El arte transforma y es hermoso que así sea. Huele mejor el aroma atrevido de los libros y las poesías, los pinceles y los cantos, que el currículum morboso que vamos arrastrando en la carreta rebosante y en la huella imborrable de nuestras pisadas lodosas. Crudeza y ordinariez, suelen quedar colgadas en el tiempo, entre crónicas incoloras o explosionantes del periódico que colecciona el sufrimiento diario, las anécdotas de callejones sin rostros al azar del futuro, o perdidas en el silencio de la inexistencia, del olvido sin luz, sin cirios ni dolientes.

Bienvenido Brens sintió lo que otros no pudieron percibir. Para aquellos, era solo mujer de cuerpo y vida alucinante, de caprichos consentidos, lecho estridente y apetecible. El creó un cielo más allá del abismo, anidó golondrinas y mares sobre un ocaso de nubarrones tristes y soles inalcanzables. Desnudó la belleza escondida de sus flores trágicas, inventó el vértigo eterno de aquel perfume letal inolvidable.

Por encima de la tragedia ebria y degradante, soterrada en la maraña intranquila de una niñez perturbada, la espuma del verso refrescante desbordando con pesar infinito la poesía noble, derramó  el acorde angustiado de su pena a la orilla enferma de la estrofa y su rivera sollozante, encordado a su guitarra peregrina: “Pobrecita golondrina, que aventuras por los mares del champán y del dolor…”. Su tragedia, sufrimientos, dolores avergonzados, humillaciones y lágrimas, marginaciones, mezquindades y miradas de desprecio, soledades, rezos amargos y esperanzas, quedaron para siempre lapidados en una fina escultura clásica de la canción popular.  

Freddy Reyes, apasionado y vibrante, inevitablemente poético, con su alforja de luces y un cielo inmenso para las mil alas y el vuelo irreverente de aquella singular y ya eterna “Peregrina sin Amor”, nos esculpe con íntima y humana intensidad, el drama mítico de aquella codiciada inalcanzable. Su obra: “Reina Peregrina”, trasciende a la enfática estribación de Novela. Con aquel mismo incienso mágico que contagió las fiebres de Brens, la estatura desbocada de Freddy Reyes consagra el mito y  lo convierte en leyenda.
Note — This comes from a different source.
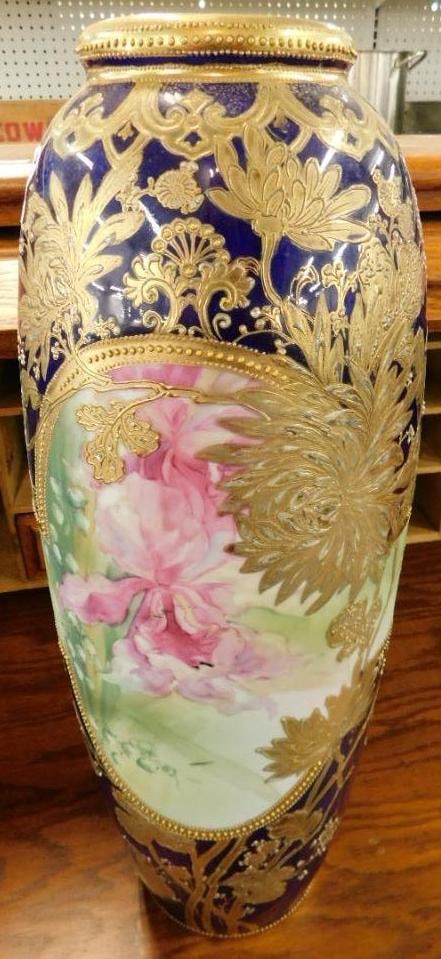 Nippon - Japan - Hand Painted Porcelain Vase - 18" x 6.5" (1 of 8)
Conocí a la heroína. Aquella que vivió sin cobardías. Eran sus últimos años de ilusiones mansas y discretas. En el pequeño pueblo de Homestead, al sur tranquilo de Miami. Un curioso admirador me descubrió, mientras arriesgaba mi temerario trote de ejercicios diarios. Me invitó a una breve tenida que celebrarían al día siguiente. Al llegar, fui introducido hasta una atrayente dama de canas posadas sobre sueños y un rostro de rubores sinceros.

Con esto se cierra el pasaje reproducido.